Two weeks away from the Fédération Equestre Internationale World Equestrian Games (WEG), I find myself at the 10th annual conference of the International Society for Equitation Science in Bredsten, Denmark.
The talks hone in on the science of riding—the way we ride now, the way we shouldn’t ride, and suggestions on the ways riding should evolve. They’re also about what kinds of stress we put on horses when we’re riding them. And the stress they experience when we’re competing them, and when we’re transporting them, or separating them, or housing them.
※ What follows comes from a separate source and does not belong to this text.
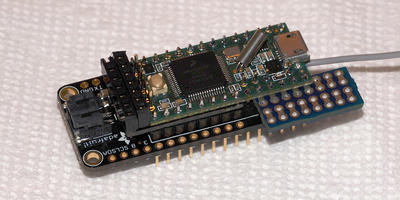 Teensy 3.2, FrankB shield, plus Feather adapter shield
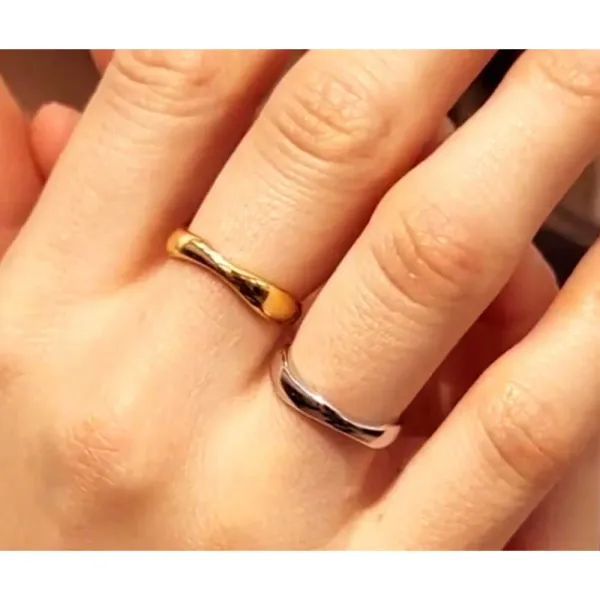 Boutique NEW‎ 14k Yellow Gold Plated 925 Silver Wave Stacking Band Ring - Image 10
The researchers have—as researchers are prone to do—found scientific reasons to criticize the way things are done now. Competition horses undergo a lot of physical and emotional stress: sometimes confusion, sometimes anxiety, sometimes pain. High-level competition horses can go through as much of this as amateur level horses do, or even more. And in worst-case scenarios, the horses break down—physically, emotionally, or both. We see physical strains and fractures, and if we were looking more closely, we’d also be seeing the signs of depression or “learned helplessness,” as the researchers call it, in horses who have just, emotionally, given up.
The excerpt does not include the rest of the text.